==== Records shown ====

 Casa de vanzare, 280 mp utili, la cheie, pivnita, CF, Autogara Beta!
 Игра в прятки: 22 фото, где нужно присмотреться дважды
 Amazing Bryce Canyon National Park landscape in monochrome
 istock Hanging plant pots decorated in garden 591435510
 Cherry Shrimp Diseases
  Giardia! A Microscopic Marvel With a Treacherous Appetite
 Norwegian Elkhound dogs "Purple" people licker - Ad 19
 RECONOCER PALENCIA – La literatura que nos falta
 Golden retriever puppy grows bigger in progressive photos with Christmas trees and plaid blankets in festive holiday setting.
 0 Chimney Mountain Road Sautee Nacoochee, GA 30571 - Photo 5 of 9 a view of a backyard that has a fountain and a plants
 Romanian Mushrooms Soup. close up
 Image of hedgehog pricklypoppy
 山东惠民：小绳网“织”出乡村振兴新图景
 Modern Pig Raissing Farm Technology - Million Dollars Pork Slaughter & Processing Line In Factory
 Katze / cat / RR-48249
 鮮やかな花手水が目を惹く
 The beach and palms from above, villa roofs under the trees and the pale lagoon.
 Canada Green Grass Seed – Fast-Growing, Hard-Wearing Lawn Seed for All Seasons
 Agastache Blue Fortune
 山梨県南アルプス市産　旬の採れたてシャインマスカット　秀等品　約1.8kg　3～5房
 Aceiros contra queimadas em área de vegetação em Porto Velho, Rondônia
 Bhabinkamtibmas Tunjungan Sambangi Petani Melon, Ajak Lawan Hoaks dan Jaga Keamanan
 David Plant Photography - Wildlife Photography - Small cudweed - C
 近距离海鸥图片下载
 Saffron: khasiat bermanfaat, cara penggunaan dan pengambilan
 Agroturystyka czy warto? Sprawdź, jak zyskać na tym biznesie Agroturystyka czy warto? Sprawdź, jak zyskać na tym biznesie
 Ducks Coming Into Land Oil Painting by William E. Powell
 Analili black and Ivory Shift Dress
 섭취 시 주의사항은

====

Every line from above should appear again in the answer, exactly as written.

 Casa de vanzare, 280 mp utili, la cheie, pivnita, CF, Autogara Beta!
 Игра в прятки: 22 фото, где нужно присмотреться дважды
 Amazing Bryce Canyon National Park landscape in monochrome
 istock Hanging plant pots decorated in garden 591435510
 Cherry Shrimp Diseases
  Giardia! A Microscopic Marvel With a Treacherous Appetite
 Norwegian Elkhound dogs "Purple" people licker - Ad 19
 RECONOCER PALENCIA – La literatura que nos falta
 Golden retriever puppy grows bigger in progressive photos with Christmas trees and plaid blankets in festive holiday setting.
 0 Chimney Mountain Road Sautee Nacoochee, GA 30571 - Photo 5 of 9 a view of a backyard that has a fountain and a plants
 Romanian Mushrooms Soup. close up
 Image of hedgehog pricklypoppy
 山东惠民：小绳网“织”出乡村振兴新图景
 Modern Pig Raissing Farm Technology - Million Dollars Pork Slaughter & Processing Line In Factory
 Katze / cat / RR-48249
 鮮やかな花手水が目を惹く
 The beach and palms from above, villa roofs under the trees and the pale lagoon.
 Canada Green Grass Seed – Fast-Growing, Hard-Wearing Lawn Seed for All Seasons
 Agastache Blue Fortune
 山梨県南アルプス市産　旬の採れたてシャインマスカット　秀等品　約1.8kg　3～5房
 Aceiros contra queimadas em área de vegetação em Porto Velho, Rondônia
 Bhabinkamtibmas Tunjungan Sambangi Petani Melon, Ajak Lawan Hoaks dan Jaga Keamanan
 David Plant Photography - Wildlife Photography - Small cudweed - C
 近距离海鸥图片下载
 Saffron: khasiat bermanfaat, cara penggunaan dan pengambilan
 Agroturystyka czy warto? Sprawdź, jak zyskać na tym biznesie Agroturystyka czy warto? Sprawdź, jak zyskać na tym biznesie
 Ducks Coming Into Land Oil Painting by William E. Powell
 Analili black and Ivory Shift Dress
 섭취 시 주의사항은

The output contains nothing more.